WORK REQUIRED: Print exactly the line that contains "Hardcover copy of" along with every line beneath it to the end of the records below, and omit pictures.

= = = = = = =

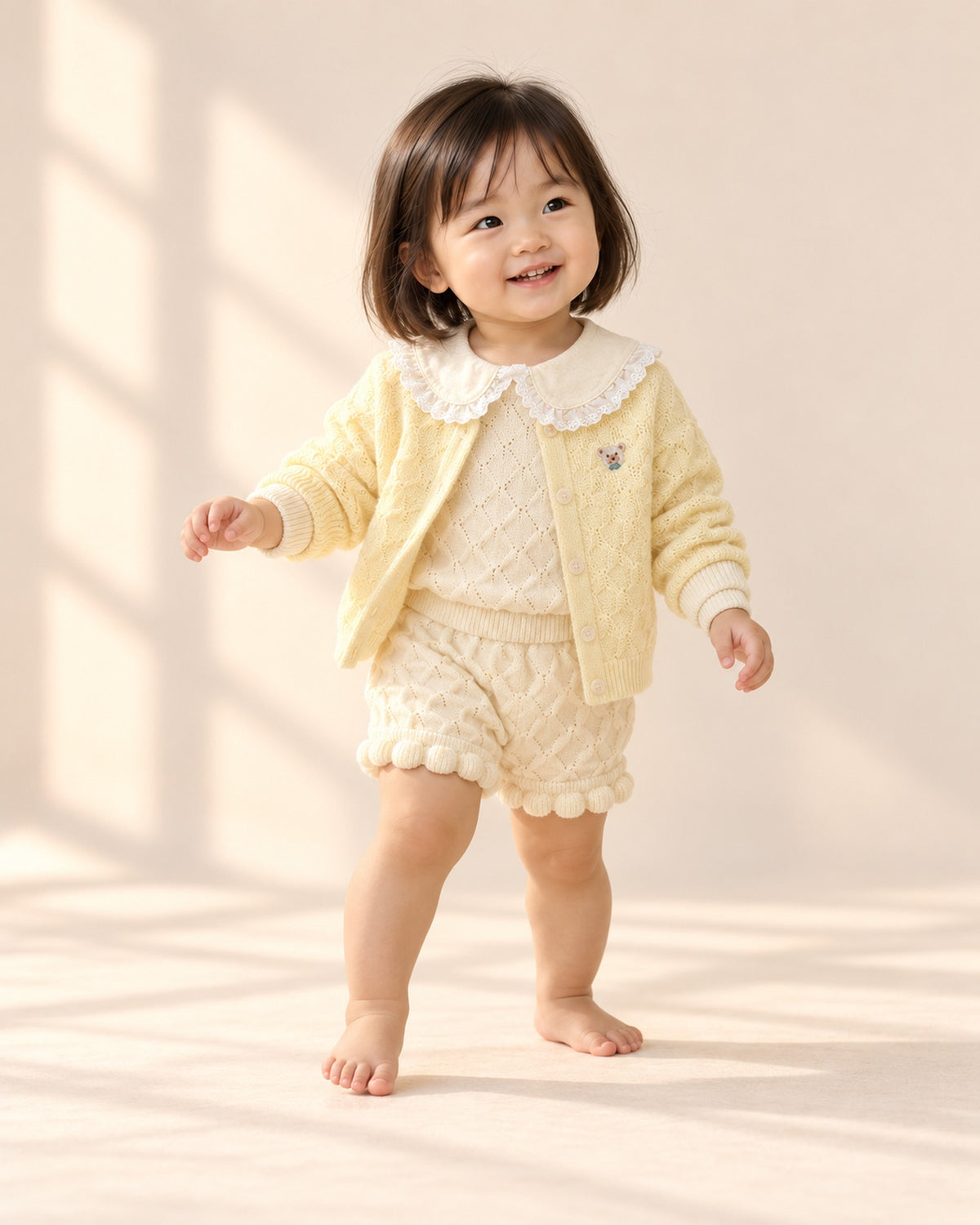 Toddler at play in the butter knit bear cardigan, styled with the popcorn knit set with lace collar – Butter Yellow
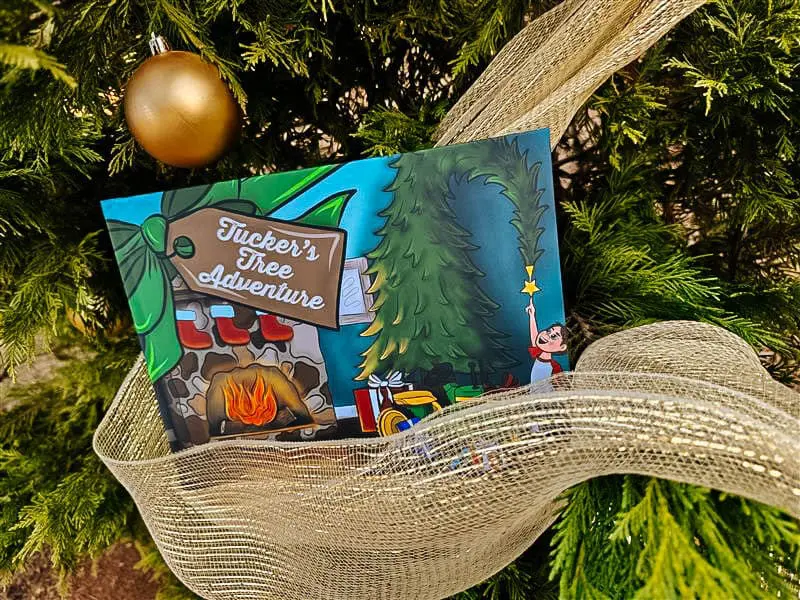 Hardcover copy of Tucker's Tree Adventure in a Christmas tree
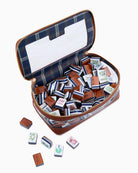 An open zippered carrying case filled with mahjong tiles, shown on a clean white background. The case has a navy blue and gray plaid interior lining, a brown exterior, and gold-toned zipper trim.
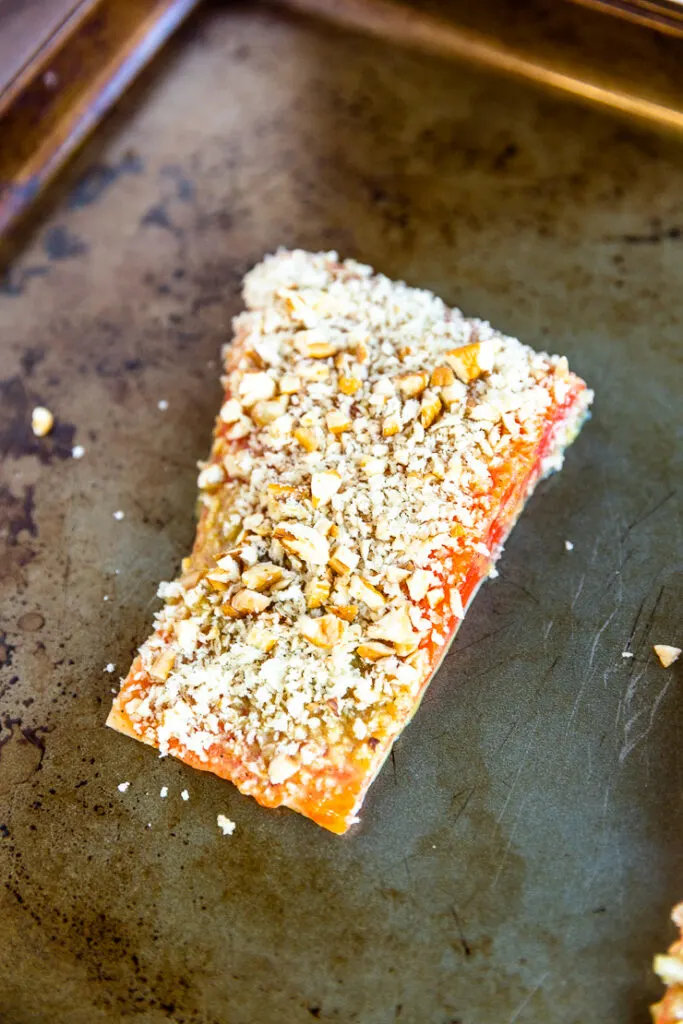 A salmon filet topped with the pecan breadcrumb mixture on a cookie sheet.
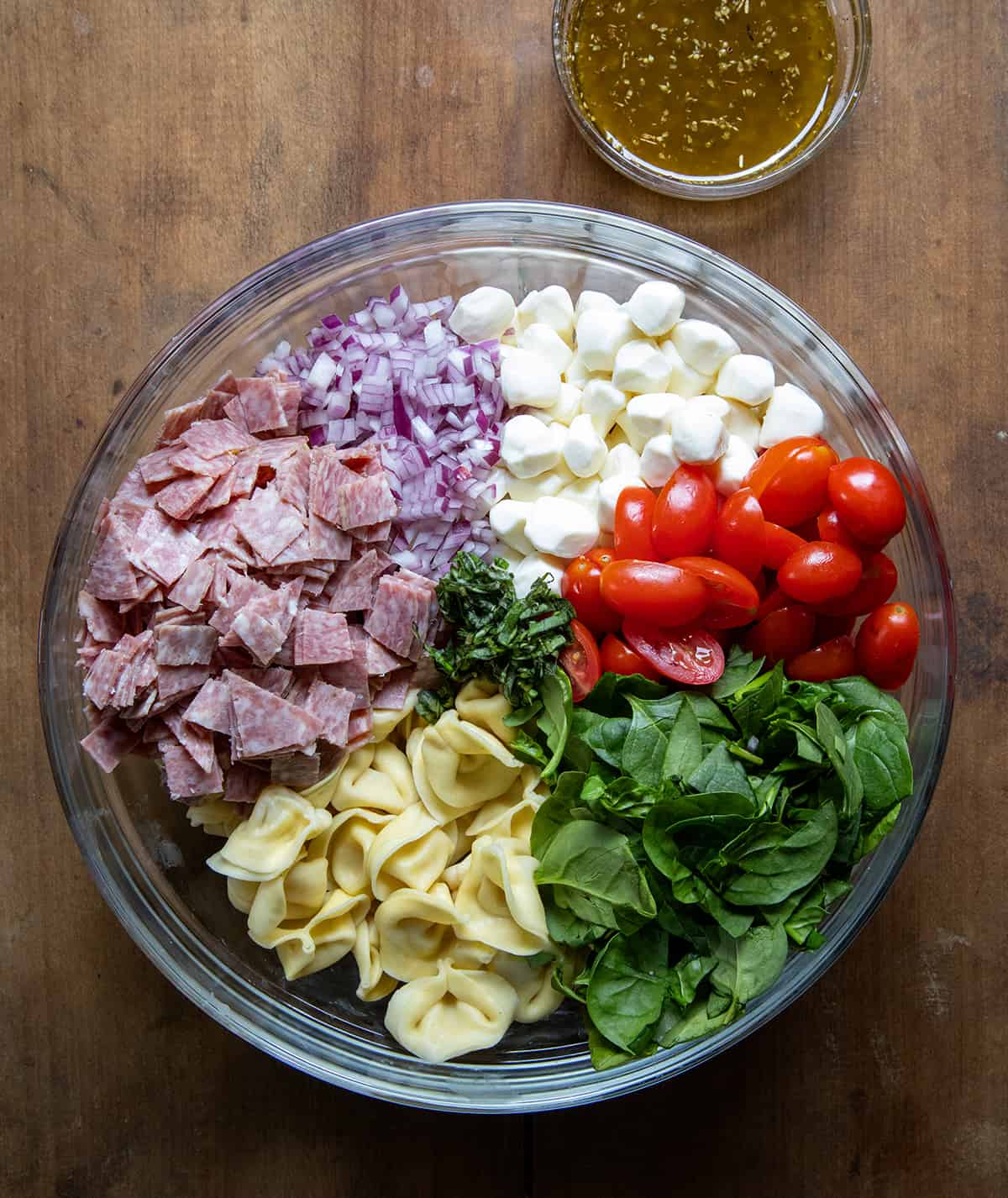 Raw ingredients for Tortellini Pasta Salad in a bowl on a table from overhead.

= = = = = = =

EXPECTED OUTPUT:
 Hardcover copy of Tucker's Tree Adventure in a Christmas tree
 An open zippered carrying case filled with mahjong tiles, shown on a clean white background. The case has a navy blue and gray plaid interior lining, a brown exterior, and gold-toned zipper trim.
 A salmon filet topped with the pecan breadcrumb mixture on a cookie sheet.
 Raw ingredients for Tortellini Pasta Salad in a bowl on a table from overhead.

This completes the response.